The Gilded Gardens of Cliveden

Daffodils Cliveden

New for spring 2019, we present ‘The Gilded Gardens of Cliveden’; a programme inspired by the 24 carat gilded golden gates on the Sounding chamber and the hundreds of thousands of daffodils across the estate. The Gilded Gardens will go through many phases of flowering, depending on the spring weather, meaning you can visit throughout March and April for a different experience.

A herald of spring

Golden daffodils carpet the grounds of the gardens and woodlands we look after. And, with over 20 different identified varieties already established throughout the grounds and a further 57 varieties added this year, we’re committed to preserving this British herald of spring.

Naturalised areas

This year we’ve increased the estate's Narcissus pseudonarcissus population by 5,000, the same variety of daffodil that already grows naturally in the grounds. This is a wild, native variety and can be seen scattered round the formal gardens.

Walk towards the Blenheim Pavilion (pictured below) and you’ll see the petite and delicate Narcissus minor, a burst of bright yellow standing at just 15cm tall.

Daffodils on the Blenheim Pavilion lawn
Daffodils
Daffodils on the Blenheim Pavilion lawn

Head over to the oriental Water Garden where the milky-white Narcissus ‘Mount Hood’ grows to a regal 45cm.

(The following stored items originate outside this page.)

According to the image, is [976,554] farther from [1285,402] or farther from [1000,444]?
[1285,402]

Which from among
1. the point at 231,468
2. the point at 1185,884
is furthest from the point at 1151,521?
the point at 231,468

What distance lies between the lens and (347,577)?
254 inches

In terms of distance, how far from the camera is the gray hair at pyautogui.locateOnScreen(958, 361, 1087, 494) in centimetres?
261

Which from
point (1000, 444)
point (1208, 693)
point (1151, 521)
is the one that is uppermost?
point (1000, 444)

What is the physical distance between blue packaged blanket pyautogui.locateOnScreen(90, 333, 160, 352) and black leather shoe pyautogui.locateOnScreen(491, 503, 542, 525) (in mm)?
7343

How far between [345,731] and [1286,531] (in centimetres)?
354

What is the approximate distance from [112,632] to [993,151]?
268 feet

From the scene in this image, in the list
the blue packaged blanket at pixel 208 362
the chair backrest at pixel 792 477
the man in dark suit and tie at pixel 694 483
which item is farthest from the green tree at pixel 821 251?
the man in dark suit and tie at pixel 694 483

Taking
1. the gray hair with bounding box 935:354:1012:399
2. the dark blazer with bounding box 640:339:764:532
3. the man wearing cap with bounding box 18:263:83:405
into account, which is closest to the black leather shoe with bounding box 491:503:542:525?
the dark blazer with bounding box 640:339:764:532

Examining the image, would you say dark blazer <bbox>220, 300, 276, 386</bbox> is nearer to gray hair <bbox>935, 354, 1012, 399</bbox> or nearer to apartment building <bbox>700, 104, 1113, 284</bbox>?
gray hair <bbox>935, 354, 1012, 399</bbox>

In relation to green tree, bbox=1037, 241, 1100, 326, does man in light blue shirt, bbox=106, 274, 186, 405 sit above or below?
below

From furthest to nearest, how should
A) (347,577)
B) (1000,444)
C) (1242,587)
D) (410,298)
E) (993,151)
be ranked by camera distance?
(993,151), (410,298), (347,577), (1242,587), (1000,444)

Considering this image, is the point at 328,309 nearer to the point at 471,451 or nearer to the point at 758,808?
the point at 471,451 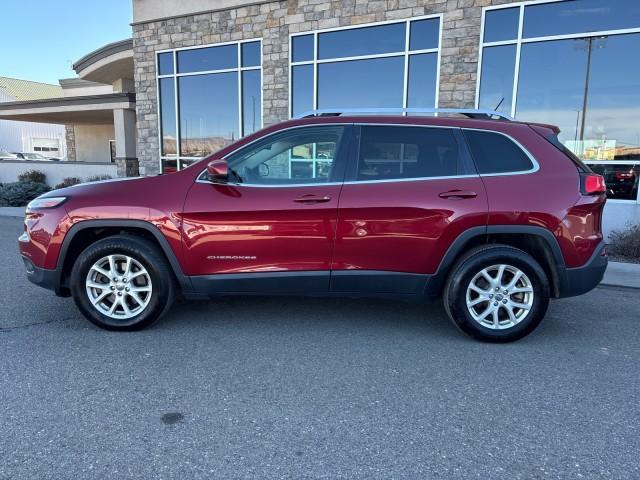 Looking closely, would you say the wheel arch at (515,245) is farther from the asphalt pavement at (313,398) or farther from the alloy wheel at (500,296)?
the asphalt pavement at (313,398)

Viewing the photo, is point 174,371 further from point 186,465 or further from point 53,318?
point 53,318

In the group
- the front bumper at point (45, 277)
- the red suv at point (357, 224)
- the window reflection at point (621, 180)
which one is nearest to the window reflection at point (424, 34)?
the window reflection at point (621, 180)

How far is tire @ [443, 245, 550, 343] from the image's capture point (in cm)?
373

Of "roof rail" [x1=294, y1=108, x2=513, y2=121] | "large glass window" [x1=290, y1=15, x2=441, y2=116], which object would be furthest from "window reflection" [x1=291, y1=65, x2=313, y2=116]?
"roof rail" [x1=294, y1=108, x2=513, y2=121]

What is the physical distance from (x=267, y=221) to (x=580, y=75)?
319 inches

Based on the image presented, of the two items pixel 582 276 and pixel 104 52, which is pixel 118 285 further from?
pixel 104 52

A sight not to be missed is the carpet of golden daffodils reflecting the gilded gates of the Sounding Chamber as they cascade down the Eastern bank of the Parterre (main picture). A spectacle so beautiful it inspired 'The Gilded Gardens' itself.

New varieties

As well as the extended areas of already naturalised native daffodils, this year we’re showcasing 57 new daffodil varieties, ranging vastly in scent, style and size. The new introductions, including some choice varieties, will be displayed in the South Terrace Ferneries for you to see displayed in a new way. You’ll also be able to purchase your favourite type from our gift shop to take home and enjoy year after year.

An immersive experience whilst respecting the daffodils

Every year we delight at seeing and smelling the irresistible daffodils we come across. However, every time we let ourselves get carried away and walk amongst them, we end up doing more harm than good. That’s why we’ve created a self-guided walking leaflet for you to enjoy the daffodils from hard standing paths. You can pick these up free of charge from the information centre.

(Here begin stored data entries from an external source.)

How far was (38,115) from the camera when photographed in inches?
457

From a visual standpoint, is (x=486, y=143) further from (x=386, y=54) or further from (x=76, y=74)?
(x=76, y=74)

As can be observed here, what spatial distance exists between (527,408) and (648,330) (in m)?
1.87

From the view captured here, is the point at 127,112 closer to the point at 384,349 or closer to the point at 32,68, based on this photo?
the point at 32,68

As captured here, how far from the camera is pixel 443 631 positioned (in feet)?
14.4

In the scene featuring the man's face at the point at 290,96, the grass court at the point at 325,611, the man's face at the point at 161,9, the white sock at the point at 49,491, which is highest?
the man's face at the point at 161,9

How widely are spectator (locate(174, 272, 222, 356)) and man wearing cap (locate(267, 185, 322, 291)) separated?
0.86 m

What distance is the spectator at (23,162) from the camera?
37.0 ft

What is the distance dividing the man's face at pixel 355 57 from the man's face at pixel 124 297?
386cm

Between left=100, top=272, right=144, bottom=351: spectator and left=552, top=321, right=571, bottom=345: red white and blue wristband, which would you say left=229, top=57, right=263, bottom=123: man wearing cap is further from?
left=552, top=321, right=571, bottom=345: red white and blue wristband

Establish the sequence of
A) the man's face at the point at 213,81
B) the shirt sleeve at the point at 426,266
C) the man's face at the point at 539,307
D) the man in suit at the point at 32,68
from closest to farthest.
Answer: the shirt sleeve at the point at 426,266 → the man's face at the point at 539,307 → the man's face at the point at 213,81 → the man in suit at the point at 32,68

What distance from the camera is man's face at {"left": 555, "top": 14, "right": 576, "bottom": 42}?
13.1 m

We have an array of varieties that will flower at different times, from February until the end of April. Meaning you can visit multiple times throughout the season and be able to enjoy different flowers each time.

The conquest for gold

Gold has long been associated with wealth, status, power and achievement. Archaeological evidence of the metal being used in sacred objects, such as ritual cups, weaponry and jewellery has underlined its importance to ancient civilizations throughout history.

But why, more so than any other precious metal, has gold gripped man for millennia? Theories suggest its shining resemblance and radiance to the most powerful force in nature, the Sun, has the power to dazzle all who come into contact with it. Lord William Waldorf Astor being no exception.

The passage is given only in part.